7 Ways Romantic Partners Are Losing their Special Place
We need to learn how to express our love for all the people we cherish.
Posted Apr 11, 2018
In an article originally titled, “No, I’m not married. Why do you ask?”, written with Joan DelFattore, I described an experience I had when called to jury duty:
“All prospective jurors were asked if they had a spouse or significant other. When my turn came, I asked the judge why he wanted to know. He said that relationship status could be relevant to potential biases if, for instance, a spouse had been arrested for DUI. I answered that I had many people who were significant to me, such as close friends, family members, and mentors. But since I wasn’t having sex with any of them, I guessed that they didn’t count.”
It got a big laugh. Even the judge was amused.
My point, though, was a serious one. It is the 21st century, a time for opening our arms as wide as we can and embracing all the people who are important to us. Love, we were once told, is a many-splendored thing. We don’t need to limit the relationship partners we recognize and value to just spouses and romantic partners. Our hearts are much bigger than that.
Although matrimania—the over-the-top celebration of marriage and weddings and coupling – is still having its way, it should not be. Marriage is taking up an ever-shrinking slice of our adult lives, as more and more people are marrying later in life, or not at all. Among the younger set, the coupling is taking a hit, too, as teens are shrugging off dating at rates that may well be unprecedented.
The time has come to write love letters to all the people we cherish.
Signs of progress
Little by little, appreciation for the many significant people in our lives is showing up in our popular culture, our scholarship, our policies, and our everyday lives. Here are just a few examples.

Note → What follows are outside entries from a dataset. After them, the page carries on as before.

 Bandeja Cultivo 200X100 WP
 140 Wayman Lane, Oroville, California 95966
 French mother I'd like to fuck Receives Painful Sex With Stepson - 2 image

In the much-acclaimed movie, “Lady Bird,” the two relationships that mattered most were Lady Bird’s friendship with Jules and her relationship with her mother. Boyfriend stuff was off to the side.
2. TV shows
“Grace and Frankie” is about a lot of things, but its beating heart is the friendship that develops between the two very different women.
Ads for cars used to be sexist portrayals of buxom, scantily-clad women leaning against fire-engine-red sports cars. Now, in a Subaru commercial, grandpa slips away from home, telling grandma he’s going fishing, then meets up with his grandson at the beach. They hug, then go surfing.
The National Council on Family Relations is an interdisciplinary professional association with publications that include the leading academic journal on families and a quarterly magazine. The most recent issue of the magazine featured 10 articles on families of choice.
In 2015, President Obama issued an executive order requiring federal contractors to provide sick leave to employees; the leave could be used to care for “a child, a parent, a spouse, a domestic partner, or any other individual related by blood or affinity whose close association with the employee is the equivalent of a family relationship.” The key word was “affinity.” Currently, states and cities are taking up the mantle. Arizona, Rhode Island, Austin, Chicago, Los Angeles, New York, and St. Paul have passed laws allowing employees use sick days to care for the people who are like family to them.
6. The Instagram accounts of young adults
“Why are millennials so obsessed with their nieces and nephews?” asked Cory Stieg at Refinery29. Adorable photos and declarations of love fill for their niblings (nieces and nephews), Stieg reported, fill the Instagram feeds of young adults.
7. Young adults living with, and loving, their parents
A record number of Americans now live in multi-generational households, and young adults (ages 25-29) are leading the way, with 33% of them living in those households. I know the trendy thing is to mock and disparage millennials for living with their parents, but I refuse. It is not just about economics anymore. (It never was.) The recession is over and yet the percentage of Americans who live with multiple generations under the same roof continues to climb. One of the reasons for that is heartening: More so than the generations before them, young adults and their parents often share warm feelings and enjoy each other’s company.
What we can do in everyday life to recognize and value all the important people in our lives
There are lots of ways we can express our appreciation for all the people who matter to us. Here are a few.
Ask about them
You know how, when you have friends or relatives who are married or have kids, you routinely ask about their spouse or kids? The same should be true of the other important people in all our lives. If you know that the person you are talking to has a close friend or relative or mentor they care about a lot, ask how that person is doing.
Go beyond kind-hearted inquiries. Show with your actions that you value people beyond romantic partners. For example, if you are hosting a social event, encourage everyone you invite to bring the person of their choice – no sexual relationship necessary. If you have the room and the resources, don’t stop at just a plus-one; let your guests bring more than one person.
When your coupled friends experience a romantic break-up, a divorce, or the death of their partner, you know enough to take that seriously. You probably offer sympathy and comfort without even thinking about it. Extend that same empathy and emotional support to people who have lost a close friend or some other important person in their life. Sometimes even the closest of friendships come to an end, and that can be deeply painful. Acknowledge that.
Watch your language
We need to rethink our language. How is it that the term “significant other” is allowed to refer only to a person with whom you are supposedly having sex? We can do better than that.
Write love letters
Okay, I don’t actually do this. But if you do, I love you for it.